Diperbarui: 25 Juni 2015   20:35

Kompasiana adalah platform blog. Konten ini menjadi tanggung jawab bloger dan tidak mewakili pandangan redaksi Kompas.

Bagikan ide kreativitasmu dalam bentuk konten di Kompasiana | Sumber gambar: Freepik

Siapa yang tidak kenal SM*SH ?. Kalau ada yang tidak kenal, saya berasumsi hanya ada 2 kemungkinan penyebabnya. Pertama, anda tidak punya televisi, atau kedua, anda punya televisi tapi tidak punya antena. Terlalulah, menurut saya, jika ada yang tidak kenal nama satu ini, sebab hampir dipastikan setiap hari wajah mereka nongol di layar televisi. Beberapa bahkan berpendapat mereka adalah pionir kembalinya era kejayaan Boyband. menggantikan redupnya pamor pop melayu (saya merinding ketika menulis genre musik ini). Ya, dengan lagunya yang bikin kepala saya "cenat-cenut", SM*SH telah menjadi ikon baru industri -bukan dunia- musik Indonesia. 7 lelaki muda bertalenta (katanya), telah menyihir puluhan juta pasang mata anak muda Indonesia. Yang kemudian memicu lahirnya lebih banyak lagi grup vokal penjual atraksi sambil bernyanyi (lipsync?). Dan kini, mereka menginvasi hampir semua infotainmet maupun acara musik yang tujuannya itu ARiT (Asal Rating Tinggi). Tidak terlalu mengherankan, bagaimana mereka bisa begitu tenar dan menguasai langit permusikan Indonesia, meskipun pada dasarnya sama sekali tidak layak untuk itu. Sebab lewat aksi blow-up sistemik media, jangankan Boyband, kambing etawa pun bisa jadi idola anak muda berikutnya, yang meraih penghargaan Platinum karena suara "mbeeekk"-nya terbanyak di download sebagai ring back tone (RBT) handphone. Cara itu juga yang membenarkan karya abal-abal dan tanpa tanggung jawab moral macam Tuti Wibowo yang "Hamil Duluan" atau Melinda yang getol ber-"Cinta Satu Malam" saja, diterima khalayak dengan tangan terbuka, diputar dengan intensitas mirip alat keruk Freeport di Papua, untuk didengarkan oleh masyarakat tanpa pandang bulu. Dari manula sampai balita yang baru bisa bilang "mama...". Sementara musisi-musisi jenius dengan karya-karya yang super sekali, harus merangkak di bawah tanah demi memperjuangkan idealismenya, artis-artis ini mendapat tempat dengan begitu mudahnya. Anggaplah jika selera musik berbanding lurus dengan tingkat kemadanian suatu masyarakat, maka itu artinya, tingkat kemadanian masyarakat kita masih berkutat di zona degradasi, dengan hanya mengoleksi 3 poin dari 10 pertandingan, 3 hasil seri, sisanya kalah (loh ????).

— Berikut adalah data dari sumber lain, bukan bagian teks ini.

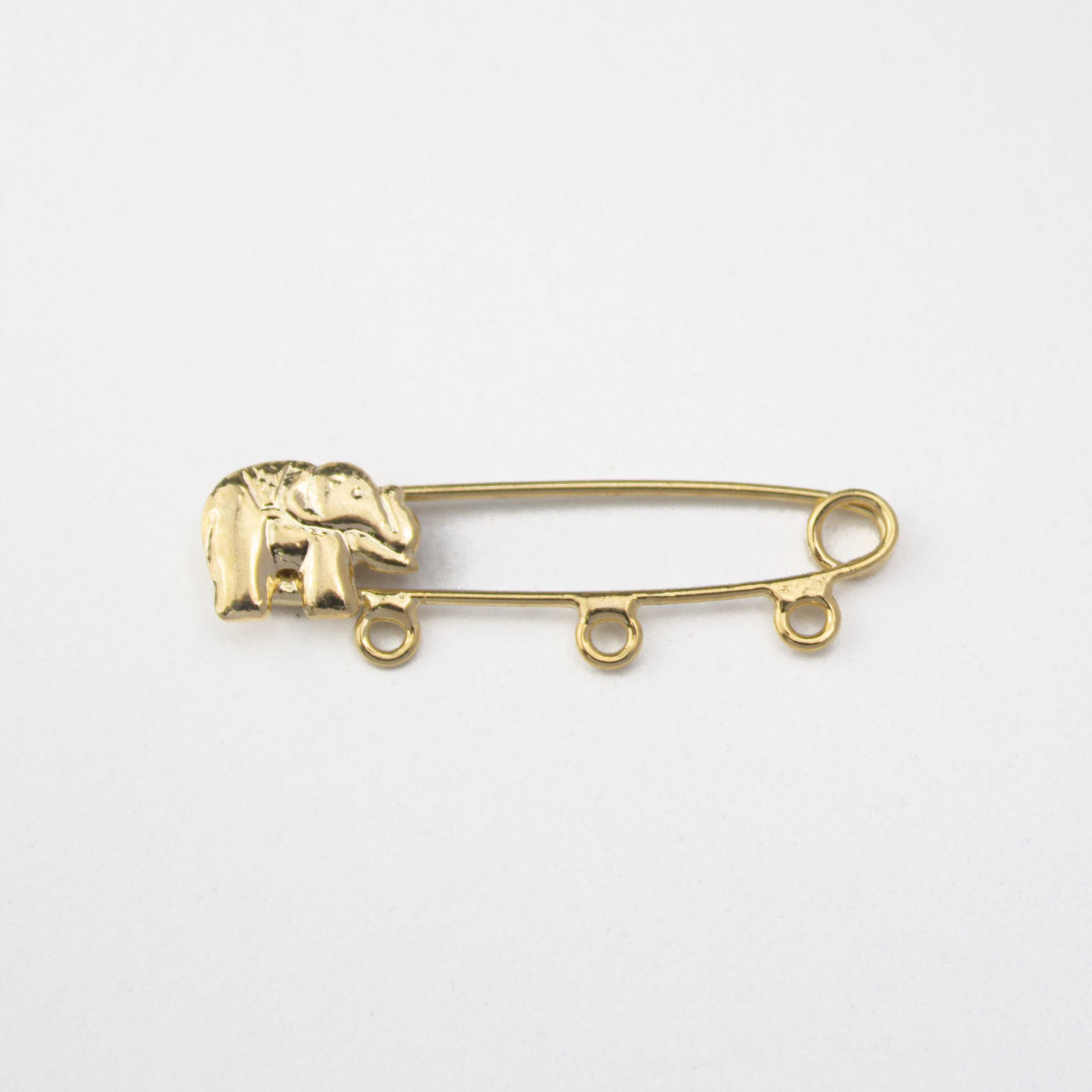 9730 Baby Pin with Elephant Brooch
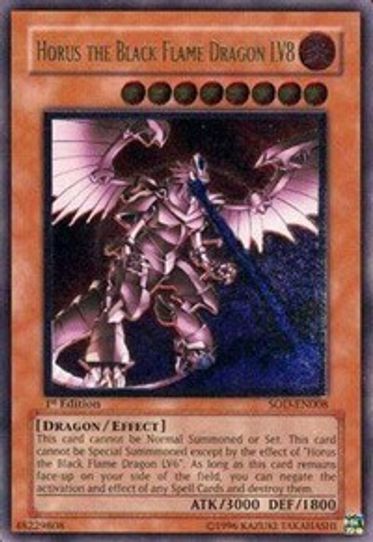 Horus the Black Flame Dragon LV (UTR) (SOD-EN007) [Soul of the Duelist –  Pokemon Plug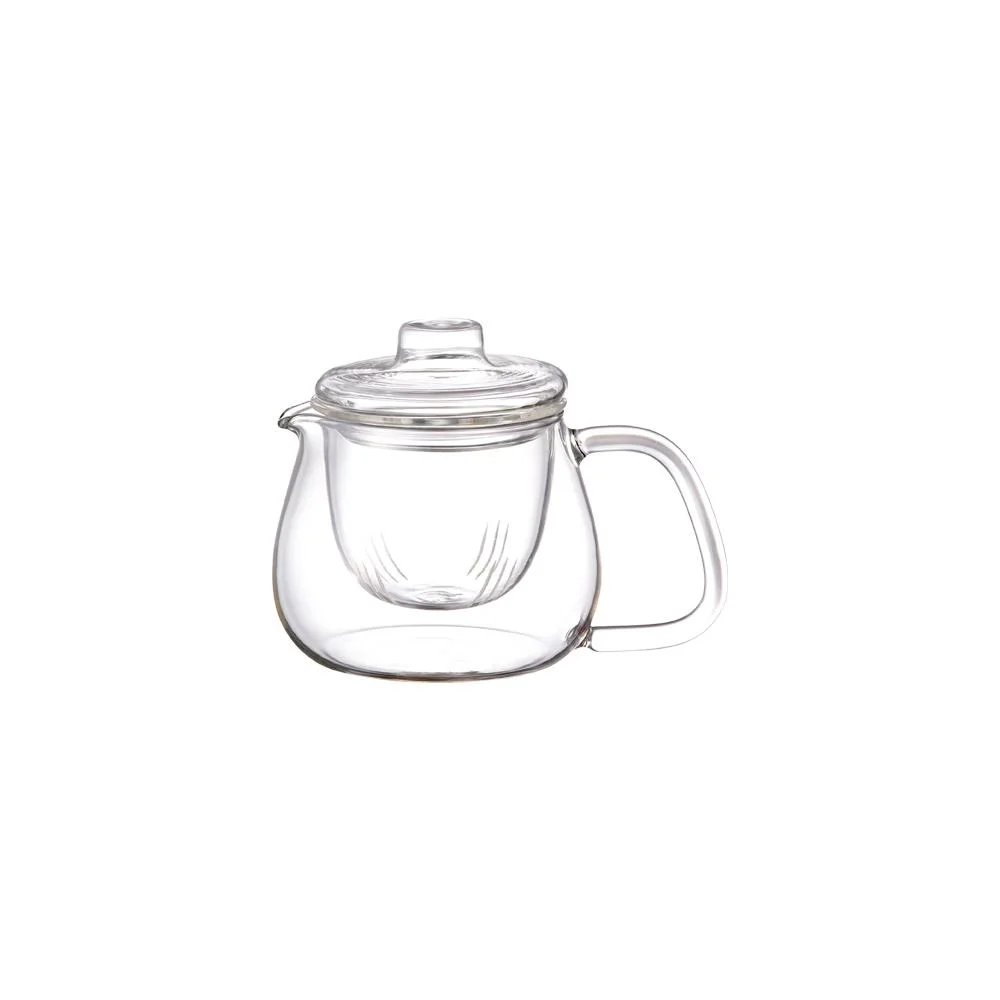 glass teapot and glass strainer, selected 8363 format — manufacturer reference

Bukan hanya dunia musik, dunia perfilman dan persinetronan Indonesia pun tidak mengalami kemajuan yang berarti sejak ditinggal orde baru. Isinya begitu-begitu melulu. Sinetron yang mengajarkan kebaikan bisa dihitung dengan jari. berbanding terbalik dengan sinetron yang mengajarkan kontinuitas (bayangkan, ada sinetron yang sampai punya 7 atau 8 seri, dan per serinya bisa sampai ratusan episode, super sekali.) atau yang mengajarkan amoralitas. Dunia perfilman kita juga tidak jauh beda, ya 11-12 lah dengan sinetron. Maraknya sineas muda dengan otak horor bin cabul, benar-benar merusak citra layar lebar kita. Sangat disayangkan ketika film-film KW-1 (kebanyakan indie) besutan sineas berbakat dan bermoral, ditimpa film yang ge-je (ga jelas). Sinkritisme antara semi esek-esek dan horor yang tanggung. Menyedihkan?, ya. Memprihatinkan?, pasti. Lalu?. Toh, kita tidak bisa berbuat terlalu banyak selain melayangikan kritik atas nama moral masyarakat. Sebab pemerintah pun sepertinya tidak ambil pusing. Yang penting produsernya rajin bayar pajak, urusan lainnya bisa dikompromikan, iya toh?. Memang, sekarang eranya reformasi. Kebebasan adalah hal yang sejajar dengan urusan perut. Bahkan sampai ada yang mengutamakan perkara kebebasan ini daripada urusan perut keluarganya. Tapi itu bukan alasan untuk kita bisa serta-merta anti-kritik, apalagi jika kritik itu bertujuan menbangun. Apa sulitnya sih memotong beberapa adegan yang dinilai tidak layak. Atau apa sulitnya mengganti sosok miyabi dengan Five-v atau Sarah Azhari. Dan yang paling penting, apa sulitnya untuk tidak berpikir cabul ketika menggarap sebuah film.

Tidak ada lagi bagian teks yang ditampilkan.